_Your goal_: Give every line of the material again, exactly as written.

══ Given material

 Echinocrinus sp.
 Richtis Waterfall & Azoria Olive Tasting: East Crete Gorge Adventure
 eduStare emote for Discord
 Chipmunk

════

_Output for this exercise_:
 Echinocrinus sp.
 Richtis Waterfall & Azoria Olive Tasting: East Crete Gorge Adventure
 eduStare emote for Discord
 Chipmunk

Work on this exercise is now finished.